Mary parks the truck next to a yellow and blue trooper cruiser, shuts down the engine, and pulls the keys from the starter.
“Don’t forget your phone,” she says.
“Hang on,” I say, chugging my beer.
“Jesus,” she says, “I hope we’re not being recorded on the exterior CCTV. It would mean my badge.”
“Don’t worry,” I say. “I’m sure they’d go easy on you when you tell them who was drinking the beer.”
She opens her door.
“Oh, I forgot about how famous and broke you are,” she says out of the corner of her mouth.
I get out and follow the cop to the front door. It’s a glass door that’s reinforced with chicken wire. Makes me wonder if the glass is bulletproof. My guess is that it is. These trooper barracks are more than small command and control centers, they are also mini fortresses. I don’t know this for a fact, but I can bet each one of them contains a small arsenal of weapons and ammo.
Mary types a five-digit combination into an exterior wall-mounted keypad. An electronic noise sounds along with the releasing of a metal deadbolt. The door opens a few inches on its own.
“Let’s go,” she says. “And do me a favor, Martin. Let me do all the talking if anyone approaches us.”
“I promise,” I say. “God forbid I get in the way of your climb up the New York State law enforcement ladder.”
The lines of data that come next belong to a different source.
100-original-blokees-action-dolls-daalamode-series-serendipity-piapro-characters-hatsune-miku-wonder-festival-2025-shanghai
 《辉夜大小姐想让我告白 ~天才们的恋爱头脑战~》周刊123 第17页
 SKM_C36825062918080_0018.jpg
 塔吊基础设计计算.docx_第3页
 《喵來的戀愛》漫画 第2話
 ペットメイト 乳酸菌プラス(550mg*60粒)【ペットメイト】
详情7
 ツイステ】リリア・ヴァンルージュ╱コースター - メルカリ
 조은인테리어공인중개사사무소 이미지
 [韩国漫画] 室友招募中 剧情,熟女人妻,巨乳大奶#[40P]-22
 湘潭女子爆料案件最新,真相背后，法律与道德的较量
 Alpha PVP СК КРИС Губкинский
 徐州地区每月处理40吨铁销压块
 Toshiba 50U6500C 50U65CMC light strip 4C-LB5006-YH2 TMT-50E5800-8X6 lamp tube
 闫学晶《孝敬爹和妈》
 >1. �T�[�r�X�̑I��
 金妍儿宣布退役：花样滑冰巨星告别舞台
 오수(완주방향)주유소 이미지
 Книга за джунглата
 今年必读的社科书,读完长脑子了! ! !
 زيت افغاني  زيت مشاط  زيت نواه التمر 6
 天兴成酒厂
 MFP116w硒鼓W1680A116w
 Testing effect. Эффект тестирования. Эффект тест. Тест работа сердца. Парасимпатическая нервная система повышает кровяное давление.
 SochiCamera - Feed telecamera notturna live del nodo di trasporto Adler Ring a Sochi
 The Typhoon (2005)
“Most of all, don’t be an asshole,” she adds as we step inside.
“Hey, it’s me,” I say.
“That’s what I’m afraid of.”
Mary greets the guard sergeant who’s manning a counter behind a Plexiglass shield. He’s got a big computer placed in front of him, along with a complicated telephone system and a microphone. He must be the dispatcher.
“Evening, Lieutenant,” says the gray-uniformed, middle-aged man. “What brings you around tonight?”
“Hi, Fred,” Mary says. “Need to run some phone numbers for my friend here.”
Fred shoots me a glance. He squints his eyes and purses his lips.
“Hey,” he says, “I know you. You’re the mystery man. Love your books. Especially The Vanquished.”
I glance at Mary. She rolls her eyes around in her head like she fully expected this to happen.
“Lots of people like that one,” I say. “And thank you. I’ll have to figure out a way to rewrite it since it’s so popular.”
“You must make a ton of money, travel the world, and meet all sorts of interesting people,” Fred says. “I sit here all day and night and just get fatter.”
“We all gotta do what we gotta do, Fred,” I say. “I’ll make sure Mary brings you a signed copy or two of my books.”
I can tell Mary is anxious to be moving on to her office.
“Say,” Fred says. “How is it you guys are pals? Thought you were married, Mary?”
There it is, the question she was likely dreading.
“Oh well, Mary gives me research information,” I say. “In exchange for beer and wings. We’ve become good friends too.”
“Well, that’s cool,” Fred says. “Nothing wrong with that, now is there?”
“The door, Fred,” Mary says, her face tight as a tick.
“Oh yeah,” he says, “I forgot, what with a celebrity being in the house.”
He hits a key on his computer and another buzzer sounds. This time, the interior metal door that accesses the bowels of the barracks opens.
“This way, Martin,” she says.
“Nice talking with you, Fred,” I say.
“You too, Mr. Jordan,” he says.
Inside the brightly lit barracks, there’s a skeleton crew consisting entirely of uniformed men typing away on laptops or talking on landlines. Mary grabs a visitor’s badge off the wall and hands it to me.
“Put that on,” she says.
She then signs me in via a form attached to a clipboard that also hangs from the wall by a piece of string.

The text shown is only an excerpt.